見她神色低落,巫勝伸手拍了拍她的肩膀,安慰道:“那些都已經過去了,現在隻要你還在我們身邊,我說什麽也不會讓你再受傷害。而且景爺,也不會允許任何人再傷害你,你不要擔心。”

尹婪輕輕垂下眼睫,彎了彎嘴角,沒有答話。

回到地麵的時候,萬丈光芒從四麵八方包攏,將她緊緊卷在了這片溫暖中。她眯著眼看著頭頂的天空,湛藍如洗,晴空萬裏,是少有的風平浪靜。

“景爺,是因為什麽事情出去的?”看著陽光時,她輕聲問巫勝。

“確切什麽事我不是很清楚,但是像是被華景闌約出去的。

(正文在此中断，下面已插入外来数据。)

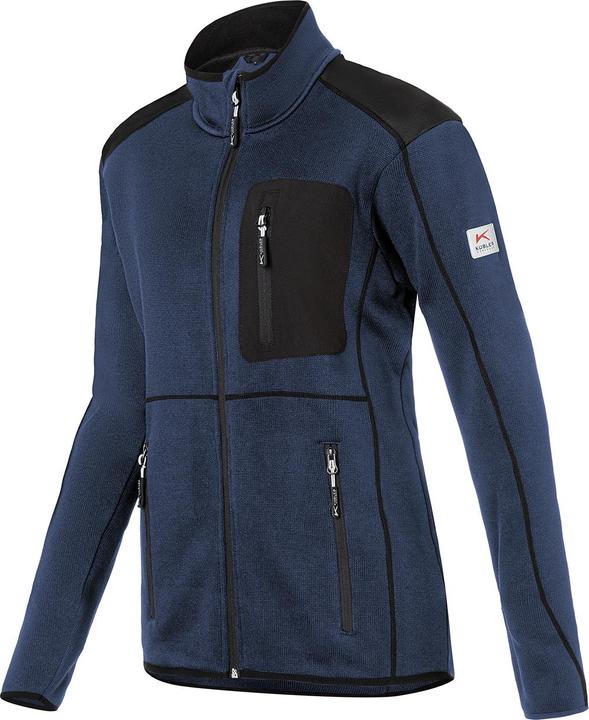 Produktbild Kübler Strickjacke Damen dunkelblau/schwarz Form 1444 Grösse XL (XL)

”

“哦,這樣啊。”尹婪若有所思的點頭。

巫勝見尹婪關心著華景笙,不由輕輕一笑,“小尹,好好的景爺在一起吧,這樣對你,對景爺,甚至對寧歐都是最好的。”

尹婪聽著巫勝語重心長的話,微微抿唇,而後道:“我上樓休息一下。”

巫勝見她還是回避這個問題,無奈的點頭,讓她上樓休息。

尹婪思緒混亂的上樓,是最好的?真的是這樣嗎?

寧歐可以離開這裏重新開始,但是他該怎麽樣才能安全離開呢?

重新開始,到底要怎麽樣才能避免跟景家的接觸,重新開始呢?

懷著沉沉的心事,她輕步走到了門口,受到某種念力的牽引,她進門前下意識抬頭去看裏麵,忽然間就看到了一道身影坐在了客廳的沙發上。對方穿著宛若紳士的白色西裝,眉目俊雅,五官纖柔的凝視著她。見她站在了門口,還笑盈盈的開口:“進來吧,我再怎麽想殺了你,也不會再這裏動手。”

尹婪一臉戒備的看著他,“華景闌,你還想做什麽?”

“放鬆,我今天可不是為了談你的生死,而是有重要的事跟你說。”華景闌的手平整的放在膝上,笑得一臉無害。

尹婪半戒備半疑心的走了過去,這個時候一定不能驚動五哥,能夠跟華景笙打成平手的他絕對不是五哥能對付的。而且這裏看起來隻有他一個人,實際上卻又很多條呼吸聲,就算不是為了殺她來的,但是也是做足了萬全準備才敢出現的。

“你不是約了景爺嗎?為什麽又會出現在這裏?你不怕他起疑心嗎?”

“這個你不用擔心,我是故意趕在他回來之前來見你的。”

尹婪再度繃弦,靜候他的下文。

(本章完)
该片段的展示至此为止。